- **Work to be completed**: Output the listing word for word, minus pictures.

● ● ●

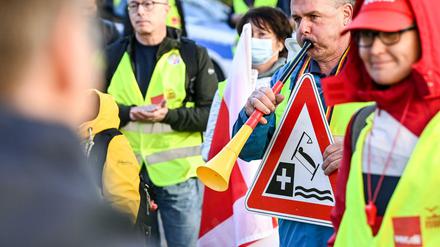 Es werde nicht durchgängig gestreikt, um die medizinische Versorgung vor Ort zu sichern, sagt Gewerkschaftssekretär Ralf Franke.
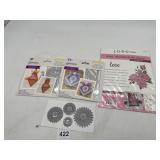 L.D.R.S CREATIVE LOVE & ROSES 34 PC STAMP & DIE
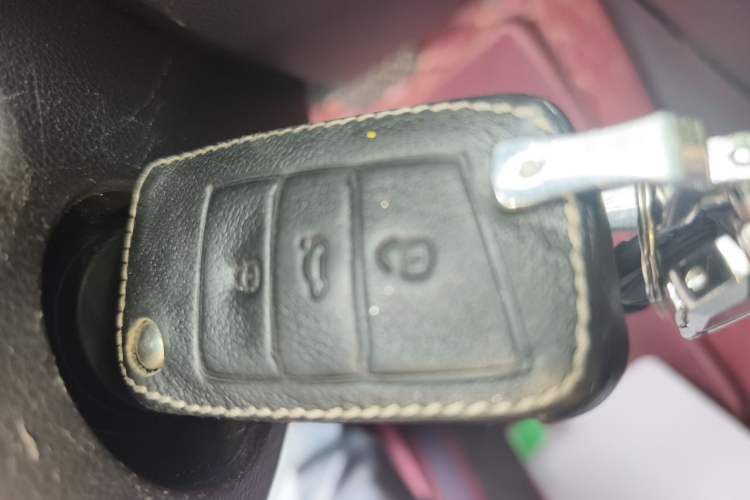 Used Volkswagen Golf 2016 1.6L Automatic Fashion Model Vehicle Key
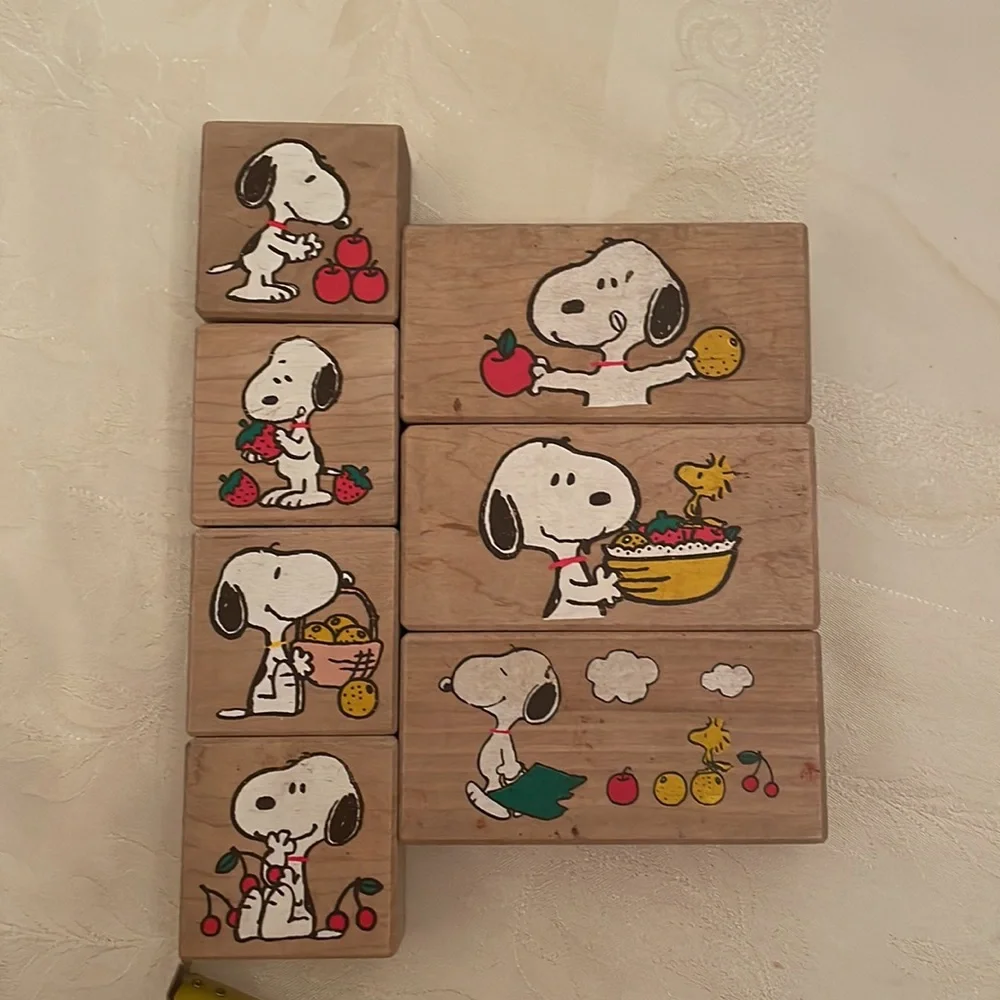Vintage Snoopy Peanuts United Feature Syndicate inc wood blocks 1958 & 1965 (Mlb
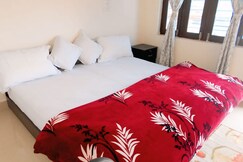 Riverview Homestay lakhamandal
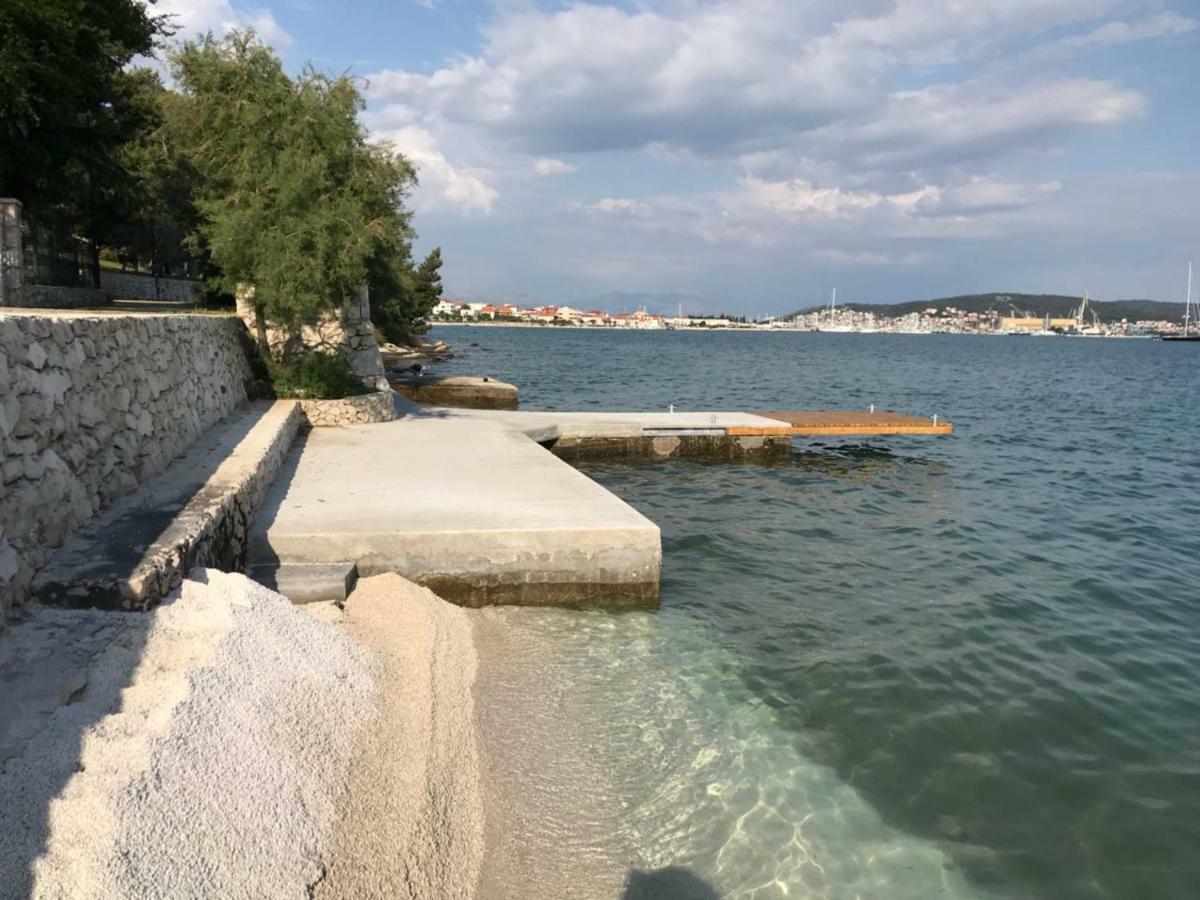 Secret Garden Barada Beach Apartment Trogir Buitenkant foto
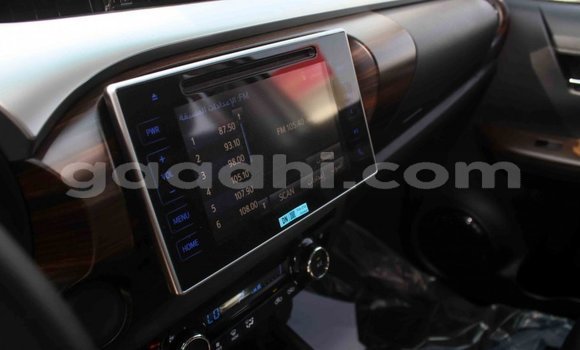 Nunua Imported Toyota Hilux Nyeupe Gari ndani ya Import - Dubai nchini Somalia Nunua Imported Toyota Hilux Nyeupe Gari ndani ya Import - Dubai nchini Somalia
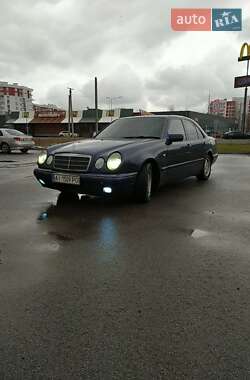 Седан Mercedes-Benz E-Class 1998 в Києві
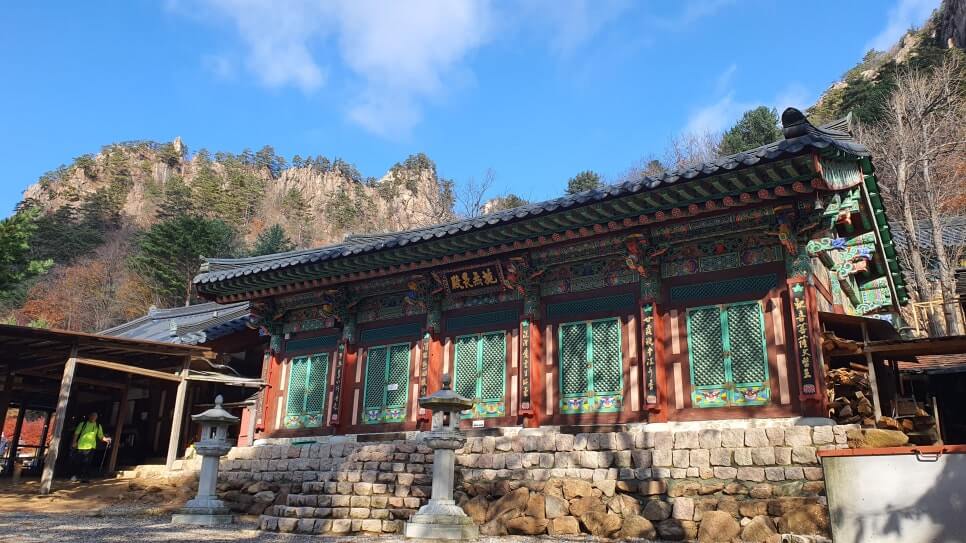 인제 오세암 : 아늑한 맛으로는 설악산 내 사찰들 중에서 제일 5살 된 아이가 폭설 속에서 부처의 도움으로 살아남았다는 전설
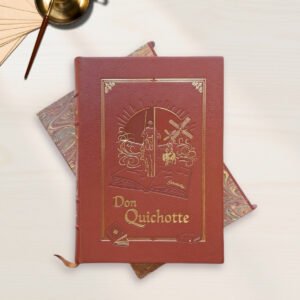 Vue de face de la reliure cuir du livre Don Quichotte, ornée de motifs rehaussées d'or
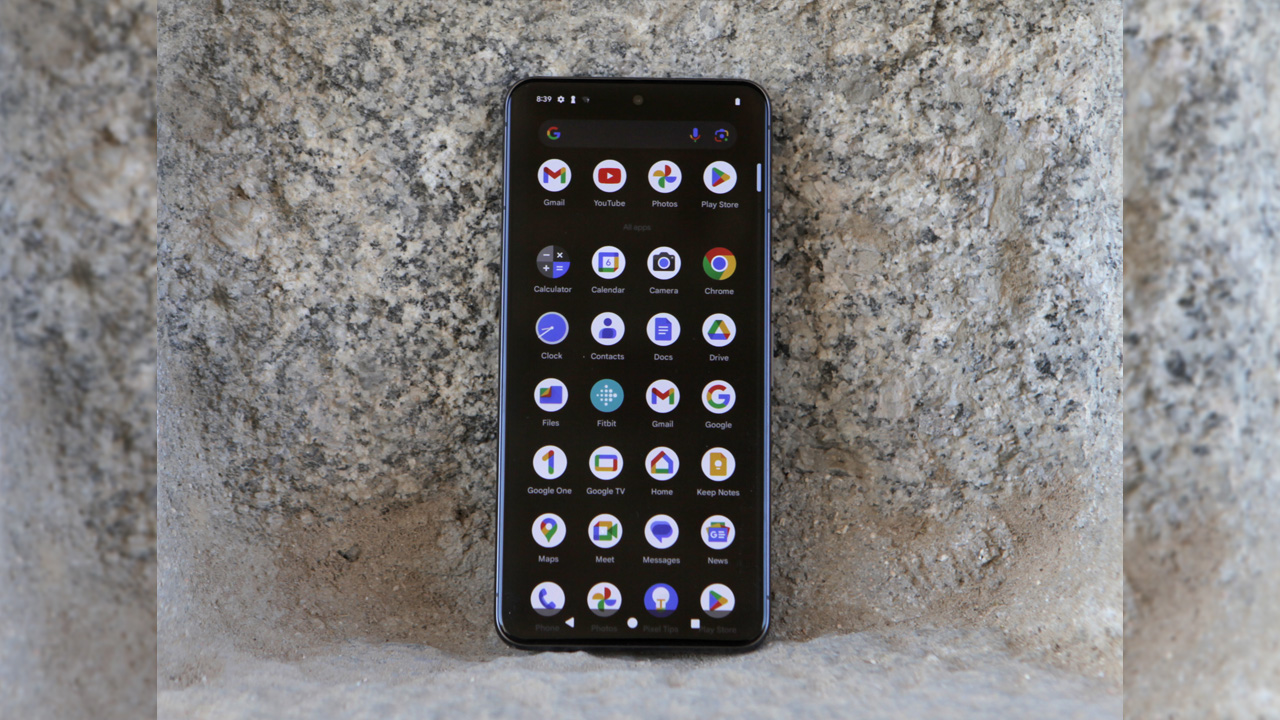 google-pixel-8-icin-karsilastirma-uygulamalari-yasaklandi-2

● ● ●

- **Response below**:
 Es werde nicht durchgängig gestreikt, um die medizinische Versorgung vor Ort zu sichern, sagt Gewerkschaftssekretär Ralf Franke.
 L.D.R.S CREATIVE LOVE & ROSES 34 PC STAMP & DIE
 Used Volkswagen Golf 2016 1.6L Automatic Fashion Model Vehicle Key
Vintage Snoopy Peanuts United Feature Syndicate inc wood blocks 1958 & 1965 (Mlb
 Riverview Homestay lakhamandal
 Secret Garden Barada Beach Apartment Trogir Buitenkant foto
 Nunua Imported Toyota Hilux Nyeupe Gari ndani ya Import - Dubai nchini Somalia Nunua Imported Toyota Hilux Nyeupe Gari ndani ya Import - Dubai nchini Somalia
 Седан Mercedes-Benz E-Class 1998 в Києві
 인제 오세암 : 아늑한 맛으로는 설악산 내 사찰들 중에서 제일 5살 된 아이가 폭설 속에서 부처의 도움으로 살아남았다는 전설
 Vue de face de la reliure cuir du livre Don Quichotte, ornée de motifs rehaussées d'or
 google-pixel-8-icin-karsilastirma-uygulamalari-yasaklandi-2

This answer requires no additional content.